Are we ready for “Big Literature”
A lot has been written about Big Data, presenting it as some kind of super challenge and opportunity. Certainly there is a lot of data kicking around out there, but the thing about Big Data is that it is, well, data–if you know what you want to do with one data point, figuring out an algorithm to extract a lot of data points of interest and process them, while time consuming, isn’t hopeless. (so, for instance, one could argue that seismologists have for some time been in the Big Data pool, extracting and analyzing parts of the many terabytes of stored data for the pieces of interest).
But what if you have to examine each data point on its own? Such is the case with the scientific literature. And the explosion of that literature may threaten the ability to make progress. (That explosion will only get worse if peer-review is discarded in favor of open repositories). So, can we deal with “Big Literature”?
In the past, the trend has been to become more and more specialized, which allows one to face a tractable part of the literature. But with an increasing emphasis on interdisciplinary work, building on advances in multiple fields in increasingly desirable. How to deal with these pressures?

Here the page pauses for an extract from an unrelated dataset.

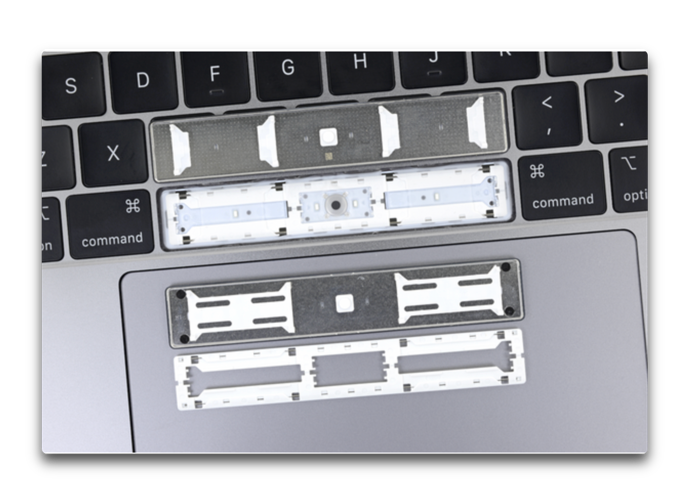 2018 MacBook Pro keyboard test 003 z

Perhaps this is why GG has noticed increasingly poor citation habits, where authors are not citing the papers that are the source of the algorithm, interpretation, or data point they wish to make use of but instead are citing some recent paper that also made use of this object. If so, this is unfortunate in two ways: it deprives the originator of the object the credit he/she/they deserve, and it also runs the risk of turning into a game of telephone where progressive misunderstandings of what was actually done/said/observed propagate through the literature, degrading later attempts to conduct research. That this kind of degraded citation practice exists with the presence of modern tools allowing quick access to nearly the full literature and its citation history suggests that various pressures are breaking down more traditional behaviors. Certainly some of this is the pressure to publish frequently while generating lots of grant applications, but some is probably reflecting the growth of the literature beyond the capacity of many of us to digest.
How will we deal with this? One way is to simply focus on a subset of the literature–probably the literature that supports the direction your research is going. Certainly a filter many senior researchers apply before reading a paper is a quick skim of the author list–certain individuals may have consistently produced work worth reading, and so the paper gets read, and others maybe have not. This can lead to the echo chambers we see people falling into politically. Or maybe we skim the latest work, missing out on perhaps relevant observations made in the past, thus risking repeating earlier mistakes, or simply unknowingly repeating earlier work (which is different from trying to reproduce a study). (We had a student once who liked to simply plow ahead, not caring what was in the literature. GG’s comment at the time was that when you reinvent the wheel, you risk reinventing the flat tire.)
GG isn’t sure where this will go. Will “Big Literature” produce new tools for metaanalysis of science? Are we doomed to trip over ourselves in our growing ignorance of the state of the whole field? Or will we react by compacting and reclassifying literature in some way to make it digestible to human brains? It might be time to start worrying about it before some future Congress calls scientists and program directors before it to explain how they could have unknowingly done the exact same thing as their predecessors some years before.